Russian defence ministry spokesman was quoted by state news agency RIA Novosti saying that Russia had “nothing to do with the forest fire in Borjomi”, and that they were ready to help the Georgians douse the flames if asked.
Turkish pilots flying low level to dodge air defence radars water-bombed forest fires burning in Georgia’s Caucasus Mountain region, despite a Russian army threat to shoot down aircraft not clearing flight plans with Moscow first, Georgian officials said on August 21.
Monstersandcritics (M&C) announces, that it was a peculiar and quite possibly extremely dangerous mission for the aircraft, three little Canadian-built water bomber planes belonging to Turkey’s Ministry of Forestry and the Istanbul city government, as the ‘scoopers’ carried water from Turkey’s Kars region through Russian-controlled air space.
‘But we could not have got the forest fires under control without them,’ said Irakli Gvalidze, Georgia’s Minister of Forestry and Environmental Protection in an interview. ‘Without those Turkish pilots helping with the Borjomi fires, we could have had an environmental disaster.’
According to M&C, Russian army officers speaking in Moscow scoffed, pointing out their forces already were demolishing Georgian military and transportation infrastructure at will, so why bother burning trees?

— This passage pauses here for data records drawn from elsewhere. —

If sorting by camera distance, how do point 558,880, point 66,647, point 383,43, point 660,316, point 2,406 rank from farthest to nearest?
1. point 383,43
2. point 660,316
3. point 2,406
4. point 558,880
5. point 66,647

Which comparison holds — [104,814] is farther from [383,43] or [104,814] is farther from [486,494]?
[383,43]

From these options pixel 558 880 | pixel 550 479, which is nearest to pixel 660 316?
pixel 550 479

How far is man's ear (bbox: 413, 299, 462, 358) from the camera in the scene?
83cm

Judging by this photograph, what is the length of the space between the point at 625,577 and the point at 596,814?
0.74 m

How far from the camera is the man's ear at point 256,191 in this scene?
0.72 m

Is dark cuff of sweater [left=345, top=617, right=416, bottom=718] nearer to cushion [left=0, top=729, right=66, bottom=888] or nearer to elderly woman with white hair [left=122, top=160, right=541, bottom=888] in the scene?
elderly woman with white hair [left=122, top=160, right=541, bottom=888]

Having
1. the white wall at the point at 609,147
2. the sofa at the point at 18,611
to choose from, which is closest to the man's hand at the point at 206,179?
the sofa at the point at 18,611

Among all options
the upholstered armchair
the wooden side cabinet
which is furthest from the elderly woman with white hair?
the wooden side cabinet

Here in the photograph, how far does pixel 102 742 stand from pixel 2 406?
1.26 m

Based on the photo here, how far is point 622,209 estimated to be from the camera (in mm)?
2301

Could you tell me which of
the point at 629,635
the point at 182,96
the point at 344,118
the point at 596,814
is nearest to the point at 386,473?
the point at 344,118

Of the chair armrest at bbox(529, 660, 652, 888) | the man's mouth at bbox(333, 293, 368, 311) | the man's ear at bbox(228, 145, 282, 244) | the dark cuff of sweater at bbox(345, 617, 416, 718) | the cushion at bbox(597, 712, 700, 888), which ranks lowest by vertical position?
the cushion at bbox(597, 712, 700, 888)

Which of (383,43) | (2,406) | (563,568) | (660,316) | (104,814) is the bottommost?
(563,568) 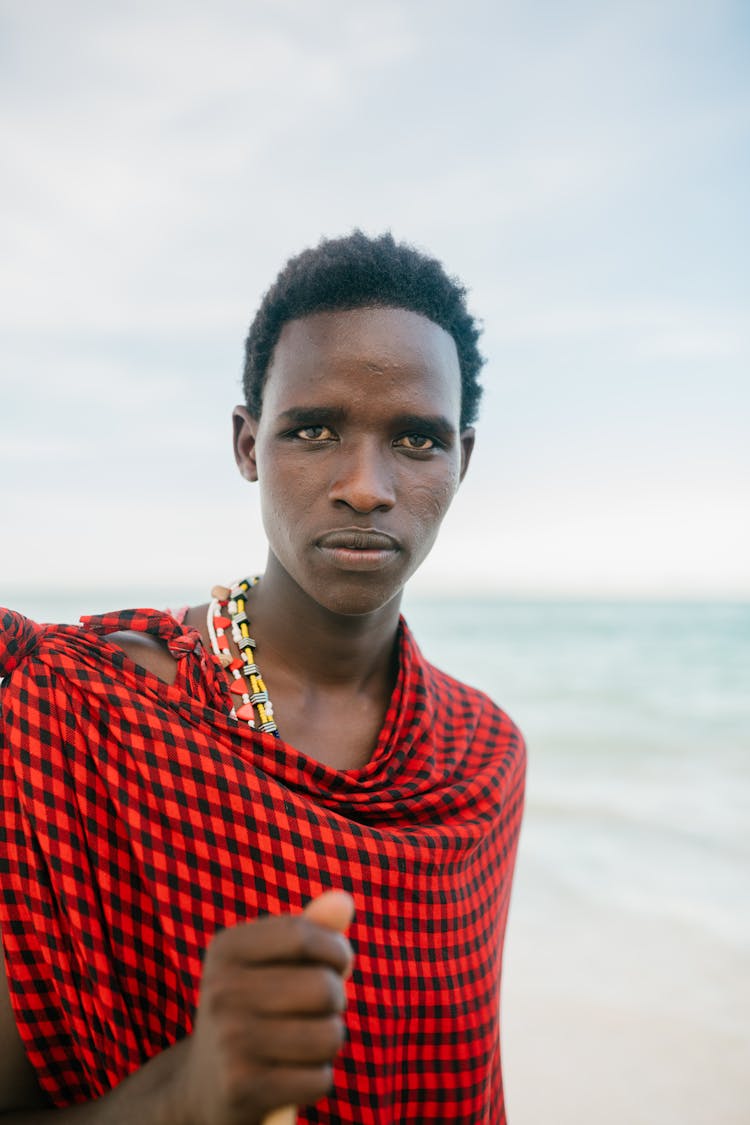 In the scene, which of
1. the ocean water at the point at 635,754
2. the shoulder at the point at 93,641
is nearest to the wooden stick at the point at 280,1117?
the shoulder at the point at 93,641

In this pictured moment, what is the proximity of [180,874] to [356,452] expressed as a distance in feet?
2.50

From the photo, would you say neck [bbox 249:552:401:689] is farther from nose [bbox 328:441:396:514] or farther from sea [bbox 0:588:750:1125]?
sea [bbox 0:588:750:1125]

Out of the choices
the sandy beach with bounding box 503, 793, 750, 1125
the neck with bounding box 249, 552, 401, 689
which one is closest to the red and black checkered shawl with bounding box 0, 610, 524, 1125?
the neck with bounding box 249, 552, 401, 689

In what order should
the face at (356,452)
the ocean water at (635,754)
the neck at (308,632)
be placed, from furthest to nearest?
the ocean water at (635,754) < the neck at (308,632) < the face at (356,452)

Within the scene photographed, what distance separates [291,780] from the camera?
156 centimetres

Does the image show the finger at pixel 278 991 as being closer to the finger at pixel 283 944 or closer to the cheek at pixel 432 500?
the finger at pixel 283 944

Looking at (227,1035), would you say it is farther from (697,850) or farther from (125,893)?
(697,850)

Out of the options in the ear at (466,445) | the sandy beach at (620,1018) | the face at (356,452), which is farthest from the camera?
the sandy beach at (620,1018)

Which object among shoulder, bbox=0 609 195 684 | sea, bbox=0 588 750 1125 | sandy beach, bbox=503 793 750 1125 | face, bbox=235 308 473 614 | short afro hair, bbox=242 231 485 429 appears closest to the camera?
shoulder, bbox=0 609 195 684

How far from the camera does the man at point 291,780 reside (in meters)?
1.39

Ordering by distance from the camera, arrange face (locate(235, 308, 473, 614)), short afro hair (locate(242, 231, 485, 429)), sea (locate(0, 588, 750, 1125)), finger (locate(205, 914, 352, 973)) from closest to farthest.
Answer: finger (locate(205, 914, 352, 973)) → face (locate(235, 308, 473, 614)) → short afro hair (locate(242, 231, 485, 429)) → sea (locate(0, 588, 750, 1125))

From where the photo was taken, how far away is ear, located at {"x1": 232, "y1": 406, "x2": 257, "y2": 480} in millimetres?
1859

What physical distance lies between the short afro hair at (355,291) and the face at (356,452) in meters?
0.04

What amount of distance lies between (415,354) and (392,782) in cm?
81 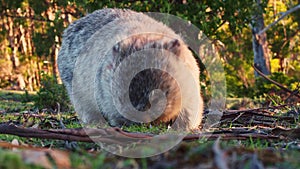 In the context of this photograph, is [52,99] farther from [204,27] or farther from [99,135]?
[99,135]

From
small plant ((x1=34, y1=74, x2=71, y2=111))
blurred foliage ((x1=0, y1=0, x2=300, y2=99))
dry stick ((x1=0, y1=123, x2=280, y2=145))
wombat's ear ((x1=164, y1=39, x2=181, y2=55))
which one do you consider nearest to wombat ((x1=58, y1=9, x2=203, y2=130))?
wombat's ear ((x1=164, y1=39, x2=181, y2=55))

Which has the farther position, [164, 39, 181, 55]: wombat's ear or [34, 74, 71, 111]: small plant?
[34, 74, 71, 111]: small plant

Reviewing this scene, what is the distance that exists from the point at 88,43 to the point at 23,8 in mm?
12623

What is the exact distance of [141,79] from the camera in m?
3.95

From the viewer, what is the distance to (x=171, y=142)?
2.45m

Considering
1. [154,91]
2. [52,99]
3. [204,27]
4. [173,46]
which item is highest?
[204,27]

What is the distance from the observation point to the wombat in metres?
3.96

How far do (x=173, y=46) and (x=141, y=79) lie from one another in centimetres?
49

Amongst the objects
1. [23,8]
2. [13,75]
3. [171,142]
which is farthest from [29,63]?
[171,142]

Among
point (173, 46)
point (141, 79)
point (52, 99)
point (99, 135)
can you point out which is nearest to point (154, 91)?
point (141, 79)

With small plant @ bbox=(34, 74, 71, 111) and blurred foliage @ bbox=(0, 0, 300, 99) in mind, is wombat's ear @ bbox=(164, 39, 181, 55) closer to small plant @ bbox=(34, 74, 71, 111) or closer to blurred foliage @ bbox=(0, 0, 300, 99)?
blurred foliage @ bbox=(0, 0, 300, 99)

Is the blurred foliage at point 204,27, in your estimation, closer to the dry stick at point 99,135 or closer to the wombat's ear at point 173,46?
the wombat's ear at point 173,46

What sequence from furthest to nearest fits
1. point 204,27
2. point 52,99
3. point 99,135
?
1. point 204,27
2. point 52,99
3. point 99,135

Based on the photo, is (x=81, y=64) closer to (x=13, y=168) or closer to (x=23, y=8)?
(x=13, y=168) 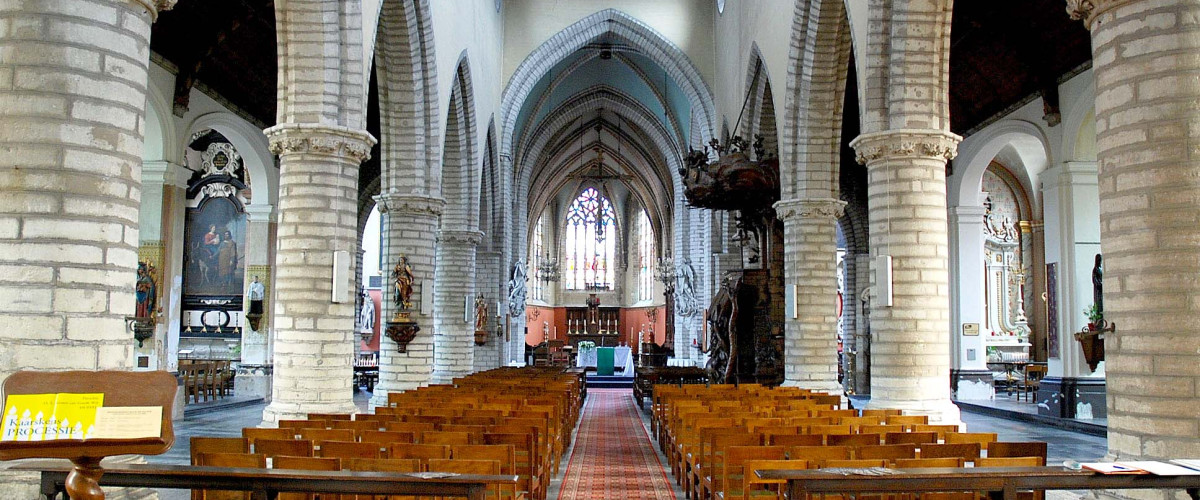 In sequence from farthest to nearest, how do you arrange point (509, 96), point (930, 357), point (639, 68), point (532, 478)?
point (639, 68), point (509, 96), point (930, 357), point (532, 478)

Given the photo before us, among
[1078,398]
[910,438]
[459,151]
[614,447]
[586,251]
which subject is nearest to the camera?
[910,438]

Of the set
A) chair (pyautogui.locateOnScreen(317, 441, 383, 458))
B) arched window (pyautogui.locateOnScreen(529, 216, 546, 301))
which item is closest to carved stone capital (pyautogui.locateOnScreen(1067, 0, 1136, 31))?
chair (pyautogui.locateOnScreen(317, 441, 383, 458))

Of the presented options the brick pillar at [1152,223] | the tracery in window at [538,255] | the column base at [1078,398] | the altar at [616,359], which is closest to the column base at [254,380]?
the altar at [616,359]

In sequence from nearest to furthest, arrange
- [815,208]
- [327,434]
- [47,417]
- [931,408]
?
[47,417] < [327,434] < [931,408] < [815,208]

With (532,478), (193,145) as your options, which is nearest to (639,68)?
(193,145)

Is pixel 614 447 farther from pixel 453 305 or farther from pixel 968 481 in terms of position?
pixel 968 481

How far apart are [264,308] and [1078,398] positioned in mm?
15451

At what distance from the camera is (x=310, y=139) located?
949cm

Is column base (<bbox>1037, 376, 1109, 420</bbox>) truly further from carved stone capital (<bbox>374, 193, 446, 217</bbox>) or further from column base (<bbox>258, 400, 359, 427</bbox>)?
column base (<bbox>258, 400, 359, 427</bbox>)

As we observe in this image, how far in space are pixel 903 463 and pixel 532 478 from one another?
2662mm

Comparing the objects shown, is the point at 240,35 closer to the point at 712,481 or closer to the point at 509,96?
the point at 509,96

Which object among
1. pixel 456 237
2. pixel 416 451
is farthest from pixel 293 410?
pixel 456 237

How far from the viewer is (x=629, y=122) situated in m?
33.3

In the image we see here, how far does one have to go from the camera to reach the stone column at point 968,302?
61.0ft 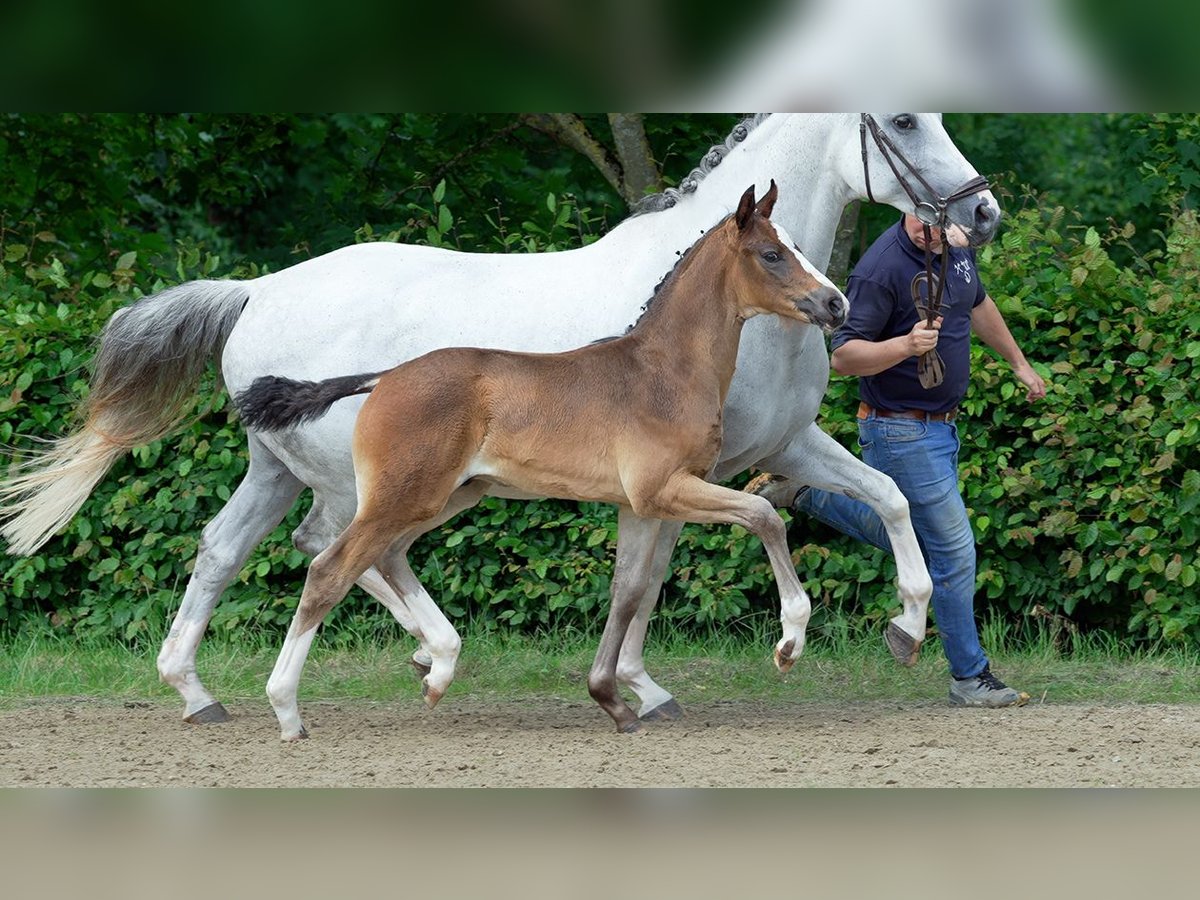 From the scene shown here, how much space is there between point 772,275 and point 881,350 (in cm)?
74

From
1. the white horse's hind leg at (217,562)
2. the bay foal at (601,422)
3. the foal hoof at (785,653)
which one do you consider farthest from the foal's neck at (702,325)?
A: the white horse's hind leg at (217,562)

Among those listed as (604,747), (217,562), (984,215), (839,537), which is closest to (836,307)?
(984,215)

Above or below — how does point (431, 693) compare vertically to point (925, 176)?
below

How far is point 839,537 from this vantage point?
6.66 meters

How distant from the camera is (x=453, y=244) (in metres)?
8.23

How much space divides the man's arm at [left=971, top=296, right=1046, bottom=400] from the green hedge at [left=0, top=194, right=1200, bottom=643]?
48 cm

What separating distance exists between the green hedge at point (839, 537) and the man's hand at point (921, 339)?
52.7 inches

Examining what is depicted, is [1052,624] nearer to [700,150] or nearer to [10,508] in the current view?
[700,150]

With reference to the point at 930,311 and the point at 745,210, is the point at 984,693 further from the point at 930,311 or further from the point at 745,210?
the point at 745,210

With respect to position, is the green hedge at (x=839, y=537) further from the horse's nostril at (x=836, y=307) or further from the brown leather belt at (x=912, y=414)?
the horse's nostril at (x=836, y=307)

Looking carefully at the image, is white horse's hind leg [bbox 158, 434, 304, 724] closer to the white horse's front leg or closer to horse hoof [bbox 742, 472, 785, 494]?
horse hoof [bbox 742, 472, 785, 494]

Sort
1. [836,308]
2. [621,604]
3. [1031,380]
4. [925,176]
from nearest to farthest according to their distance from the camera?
[836,308] → [925,176] → [621,604] → [1031,380] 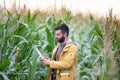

The Russian air force helicopters were merely inspecting the fires to make sure Russian troops weren’t threatened, Kremlin officials said.
Georgia’s government the next day, Aug. 21, announced it had arranged with Turkey to fly water bomber aircraft (planes that scoop up water from a lake and then drop it on a fire) but Moscow would not approve flight plans.
Colonel General Anatoliy Nagovitsyn, vice head of Russia’s army general staff said neither the Georgians nor the Turks had even asked about flying into Russia-controlled airspace.
Turkish diplomats confirmed the flights had taken place, and that Turkey had coordinated the firefighting operation with Georgia, not Russia.
‘Turkey has assisted other countries in fire-fighting before, this is normal for us,’ said Ufuk Bey, a Turkish Foreign Ministry spokesman. He said he was not aware of how precisely the Turkish aircraft avoided Russian anti-aircraft guns and missiles.
‘There was no interference from the Russians,’ Bey said.
‘Those Turkish pilots, they are Georgian heroes,’ Gvalidze said. ‘I don’t know their names, but they are brave men, and they have done a great thing for my country.’
The Borjomi fires by the weekend had converged, engulfing an estimated 250 square hectares of forest, M&C reports.
UNEP, UNEP-OCHA, OSCE and GFMC are monitoring the situation.
Recent impressions of the fires burning in Borjomi-Kharagauli National Park
NACRES Appeal New “weapon” Against Georgia – Forest Fires. NACRES Appeal to the International Community 16 August 2008
In addition to killing civilians, attacking and destroying both military and civilian infrastructures the Russian military are now trying to cause an ecological disaster in Georgia.
According to eyewitnesses Russian military helicopters around 12.30 p.m. 15th August dropped some sort of flammable substances into the Borjomi forests in a mountainous central part of the country that is internationally recognised as having a great significance to the global biodiversity. The area has one of the most popular spa and ski resorts of the former Soviet Union and is famous for its mineral waters. Most importantly the site is located at least 100 km away from the South Ossetia conflict zone.
A Borjomi national park official told us this afternoon that fires simultaneously broke out in multiple spots in and around the Borjomi national park shortly after Russian military helicopters were seen flying over the area. The park administration has managed to contain all seats of fire within the national park. But elsewhere in the area and especially near village Tsemi, fires are burning out of control. Several hundreds of hectares of precious forest have already been destroyed and fires are now approaching human settlements.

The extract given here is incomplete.